The project aims to predict the box office and score of an upcoming movie
Quan Yuan, Yuheng Liu, Wenlong Wu
This directory stores all the data set used and generated in the project.
- "boxoffice_dataset.csv": the raw dataset
- "prediction.csv": the final result predicted by the model
- "trainset.csv": training dataset
- "testset.csv": testing dataset
This directory stores the codes used for data cleaning and integration.
"boxoffice_dataset.csv" in the 'data' folder has already been cleaned and integrated.
This directory stores the codes used for data analysis. They presents the relationship between some features and the movie box office.
This directory stores the codes used for scraping raw dataset from multiple websites. We also built a proxy program to avoid Anti-Spider.

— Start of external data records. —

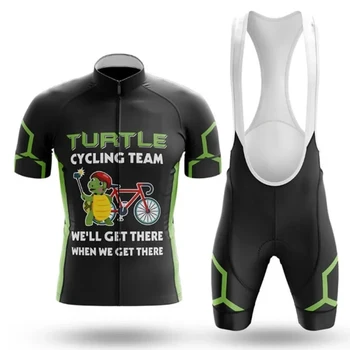 Мужская команда Turtle Cycling Team, Комплект Джерси для велоспорта, Нагрудник, Шорты, Костюм, Велосипедная одежда, комплекты для горных шоссейных велосипедов, одежда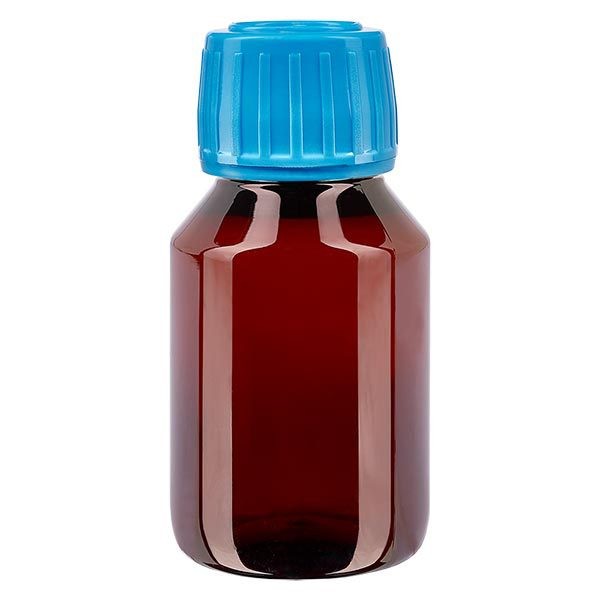 Bottiglia di medicina PET 50ml marrone (bottiglia Veral) PP28, con OV blu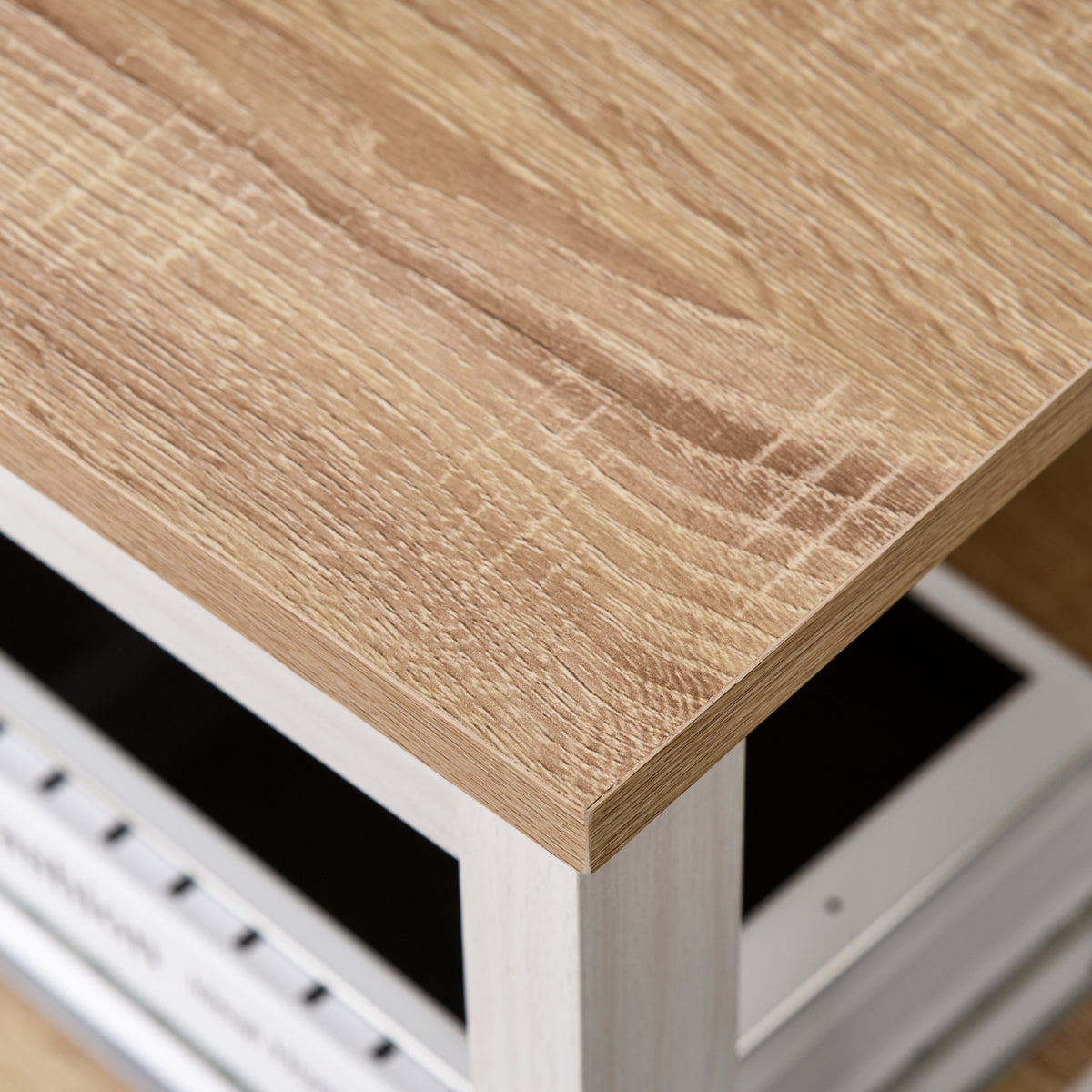 Bureau Informatique multimédia dim. 110L x 48l x 76H cm 2 étagères latérales MDF E1 chêne Clair Blanc-6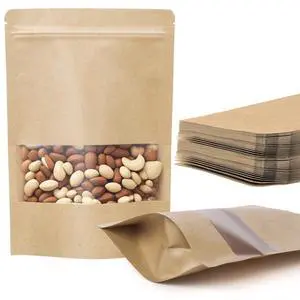100 Pcs Kraft Paper Bags with Window, 3.5" x 5.5" Stand Up Pouches Bags, Food Storage Bags for Packaging Products, Reusable, Sealable 100 Pcs Kraft Paper Bags with Window, 3.5" x 5.5" Stand Up Pouches Bags, Food Storage Bags for Packaging Products, Reusable, Sealable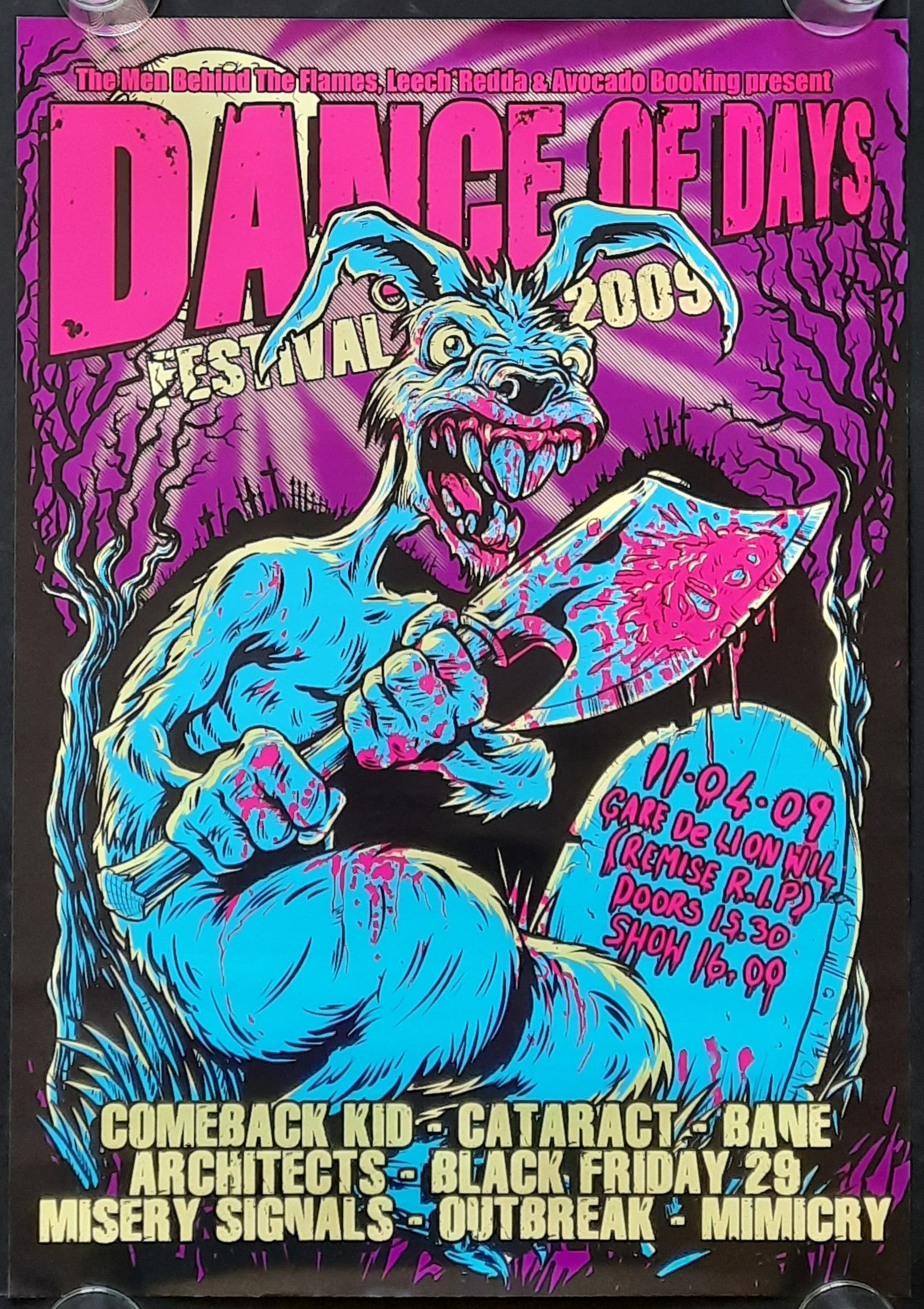 COMEBACK KIDS - CATARACT Original Concert Poster April 11, 2009 DANCE OF DAYS Festival A2 1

feature_engineering.py: This file contains all functions used for processing each column in the raw dataset.
feature_selection.py: This file generates a new dataset which is fully prepared and divides the
dataset into training set and testing set. By commenting some rows, the program can generate
different combinations of features.
Run this file and the generated dataset will be saved under the "data" folder.
modeling.ipynb: This notebook builds the final model and has all the material used for model tuning. Running this notebook will generate a .pkl file under the root folder.
model_testing.py: This file runs the testing using the generated model and prints the r2_socre on the console. The result is saved under the "data" folder.